Deja la pluma y la página, mitad en blanco: instrumento y material de una labor que se cumple cotidianamente casi sin pensarlo, por un hábito enraizado en lo más íntimo, en el esencial deseo.


Desde temprano en la mañana ha ido cumpliendo línea línea, con interrupciones --cada tanto-- del teléfono y sus contactos con el mundo infinito de la red.

Se detiene al llamado del carillón para tomar un descanso; porque, aunque no lo parezca, quién se sienta al escritorio y escribe durante un par de horas sin otro movimiento que el de la mano se cansa y necesita un momento de reposo.


Se lo pide el cuerpo.


Pide desperezarse, no porque estuvo perezoso sino porque en la concentración del trabajo de escribir todos los músculos estaban atentos al esfuerzo.

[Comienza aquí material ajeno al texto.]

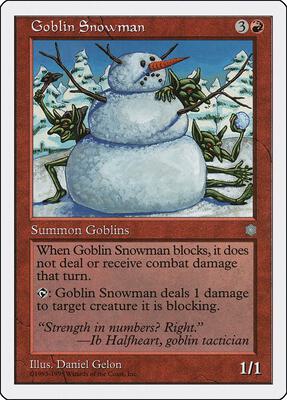 Goblin Snowman card from Anthologies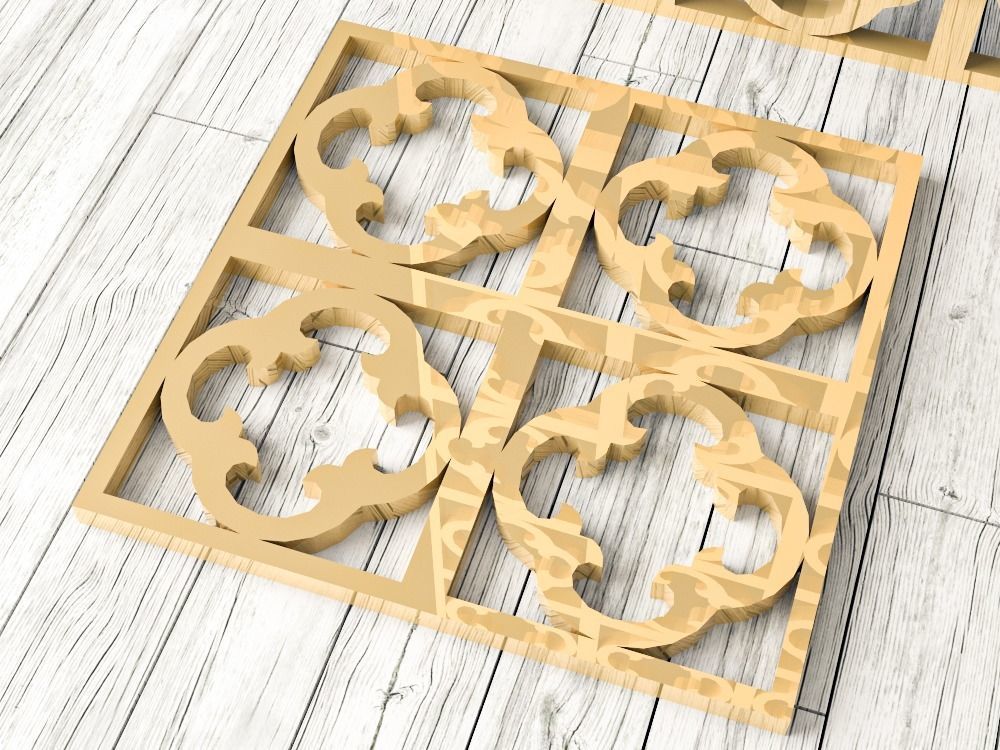 Decorative Panels Pack 6 3D Model Collection_33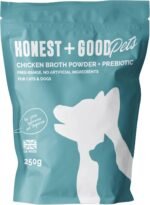 Pet Chicken Bone Broth & Pre-Biotic - 250 g | 50 Servings | Supports Hips, Joints, Digestion, Hydration & Gut Health for Dogs & Cats | High in Type II Collagen, Electrolytes & Fibre - Image 2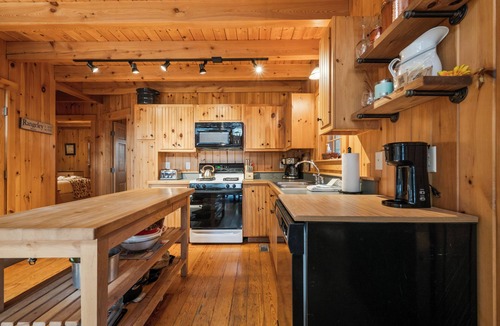 Oquossoc House | Lakefront Retreat on Rangeley Lake w/Dock, Hot Tub & Fishing Access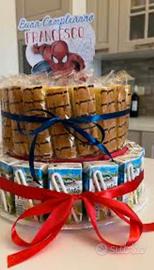 Torte di snack compleanno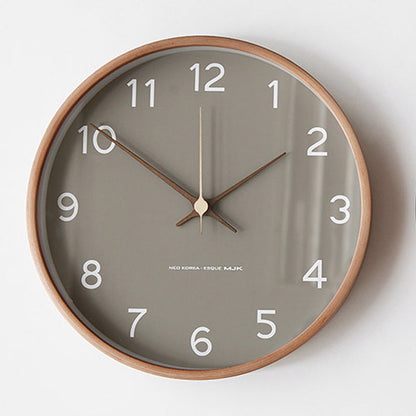 Horloge Murale en Bois – Design Scandinave Élégant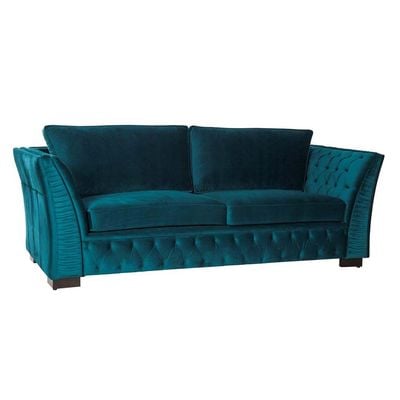 Texas Regal 3+2+1 Seater Fabric Sofa Set-Deep Teal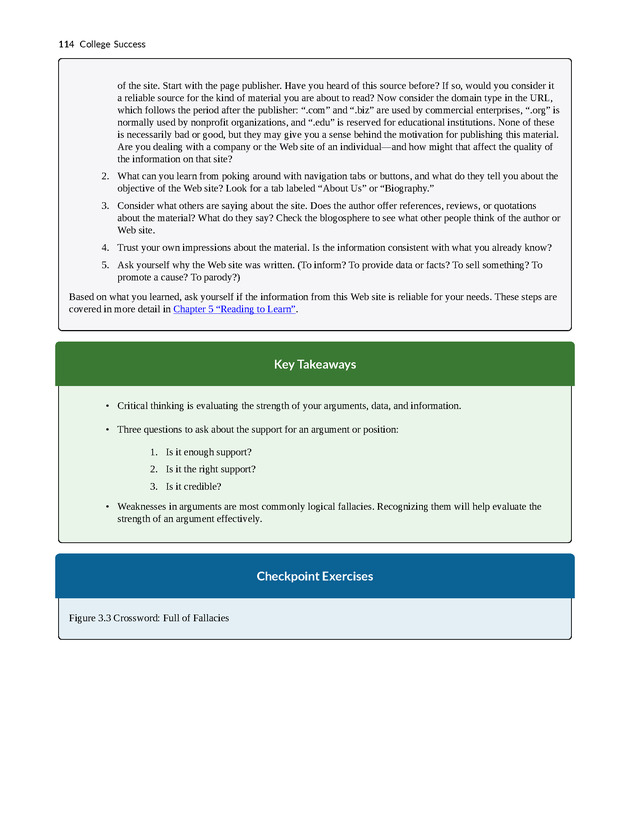 College Success - New Page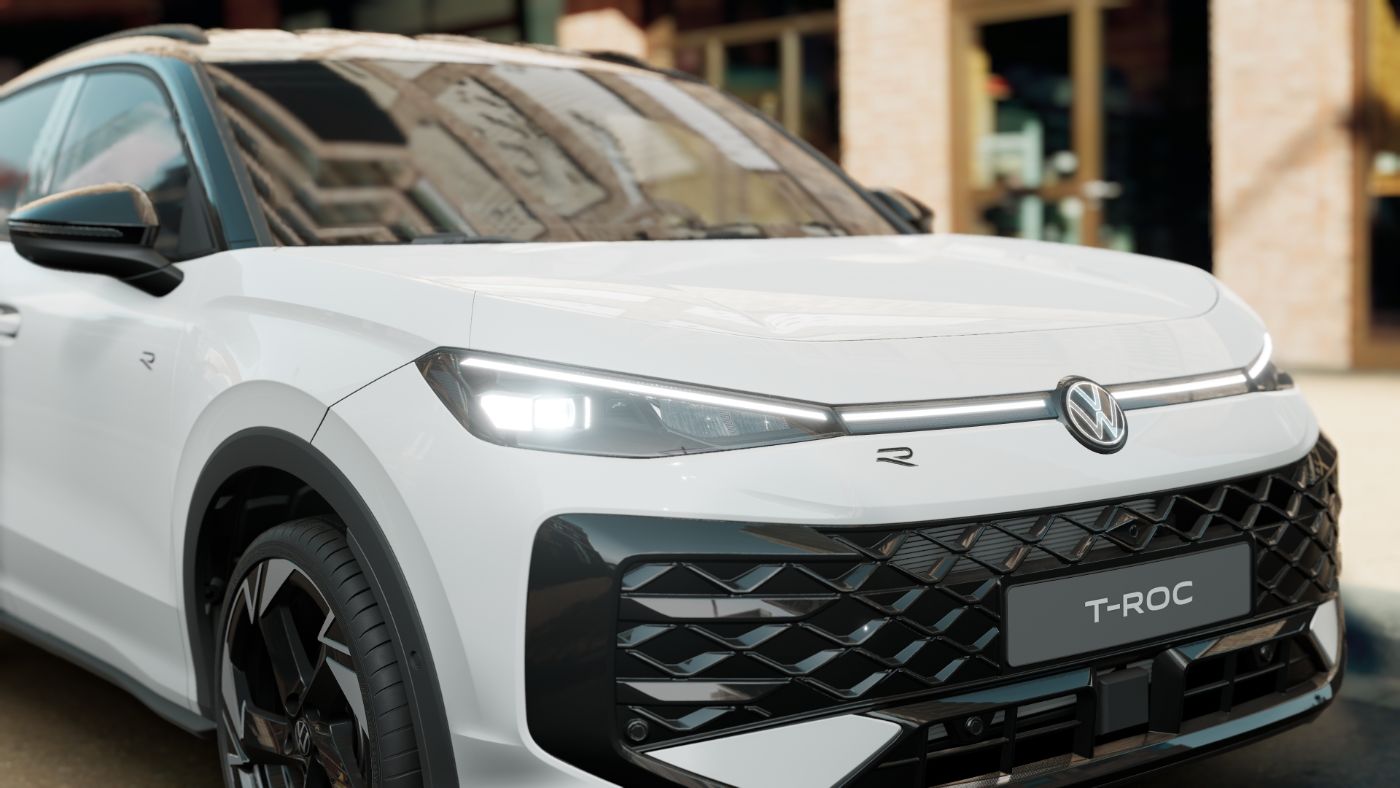 T-Roc R-LINE eTSI DSG+ALU 20+LED-MATRIX+KEYLESS+360° KAMERA+NAVI+TRAVEL ASSIST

No sólo la mano escribe, sino todo el cuerpo: magnífico instrumento que produce intrincadamente la palabra.


Y porque escribir es un acto vitalmente corporal no da lo mismo hacerlo en cualquier parte y de cualquier manera. El espacio en que se escribe, el rincón propio, la celda del escriba importa; tanto como importa el instrumento, sea pluma o computador.

El silencio de la biblioteca, la mesa firme frente a la ventana de la luz, el roce de la plumafuente en el papel sedoso, la inclinación del torso sobre lo que se va escribiendo son todos componentes esenciales del verso y la frase exacta, de la oración y el párrafo bordados del fino filigrana de tinta negra, garabato significante.


Como escribir, toda actividad creadora es un acto ritual, un gesto de homenaje, no a los dioses patéticos de las sectas temerosas, sino a la obstinada humanidad creadora de sí misma, primer y único motor de la realidad consciente.

No en balde se merece el descanso.

Échense a volar las campanas de la dicha humana.